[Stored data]
--- START ---

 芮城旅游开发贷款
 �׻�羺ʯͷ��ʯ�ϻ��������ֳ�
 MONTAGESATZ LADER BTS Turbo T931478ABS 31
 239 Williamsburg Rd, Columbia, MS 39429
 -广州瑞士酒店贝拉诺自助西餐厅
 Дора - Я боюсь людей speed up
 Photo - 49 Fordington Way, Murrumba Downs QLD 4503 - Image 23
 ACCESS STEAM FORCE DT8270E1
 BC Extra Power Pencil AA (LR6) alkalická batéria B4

--- END ---
--- START ---

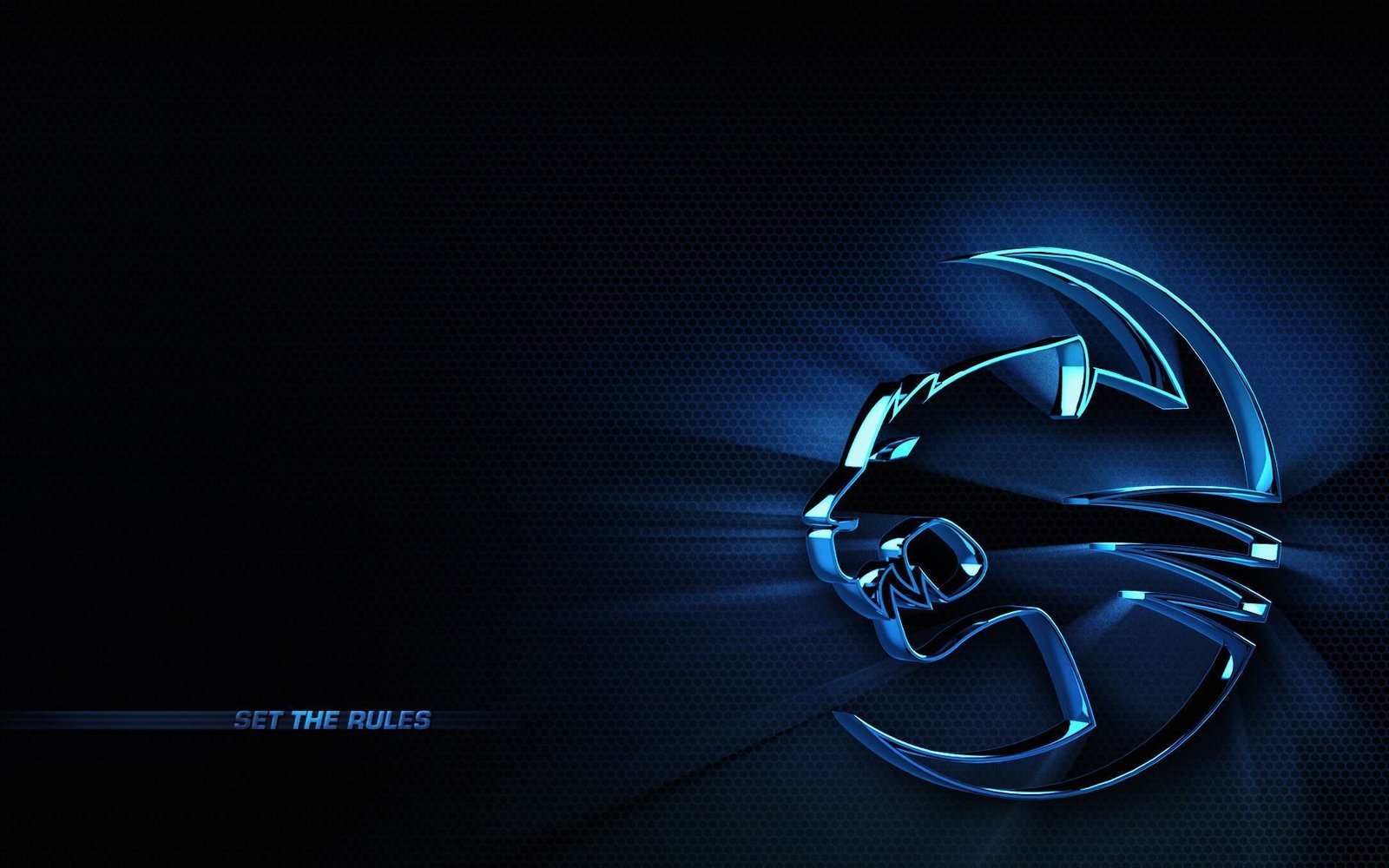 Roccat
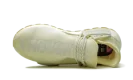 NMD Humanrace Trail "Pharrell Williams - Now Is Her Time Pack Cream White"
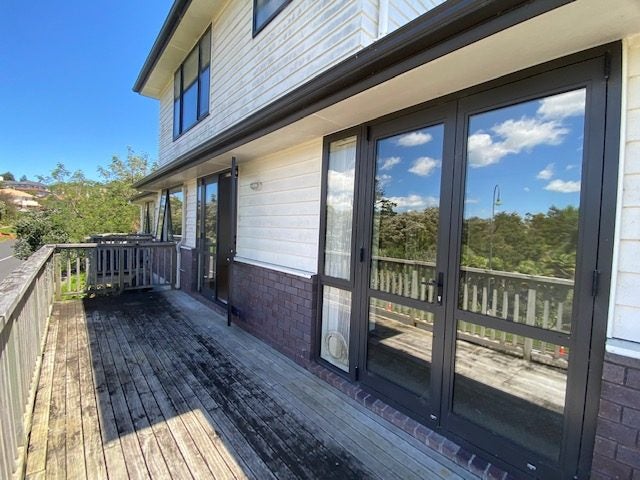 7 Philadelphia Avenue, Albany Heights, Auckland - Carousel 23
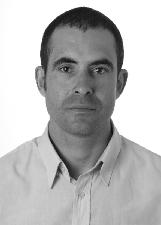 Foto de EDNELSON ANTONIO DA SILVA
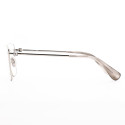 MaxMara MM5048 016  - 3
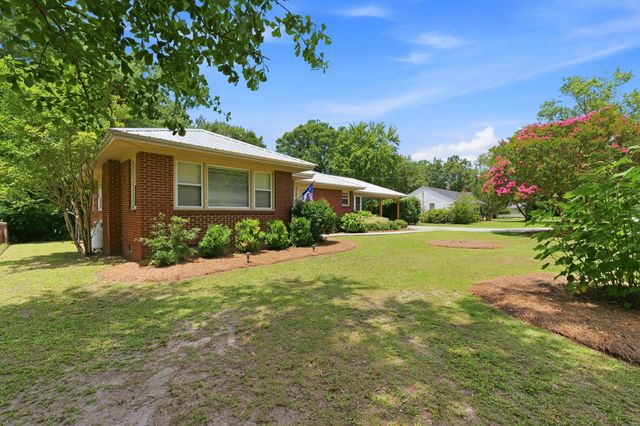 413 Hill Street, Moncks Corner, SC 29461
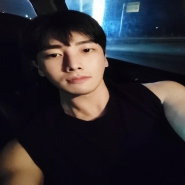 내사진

--- END ---

**Directions**
A verbatim transcription is needed of the lines above, starting at the line with "Photo - 49 Fordington" and ending at the line with "BC Extra Power", both included, and of nothing else.

**Finished task**
 Photo - 49 Fordington Way, Murrumba Downs QLD 4503 - Image 23
 ACCESS STEAM FORCE DT8270E1
 BC Extra Power Pencil AA (LR6) alkalická batéria B4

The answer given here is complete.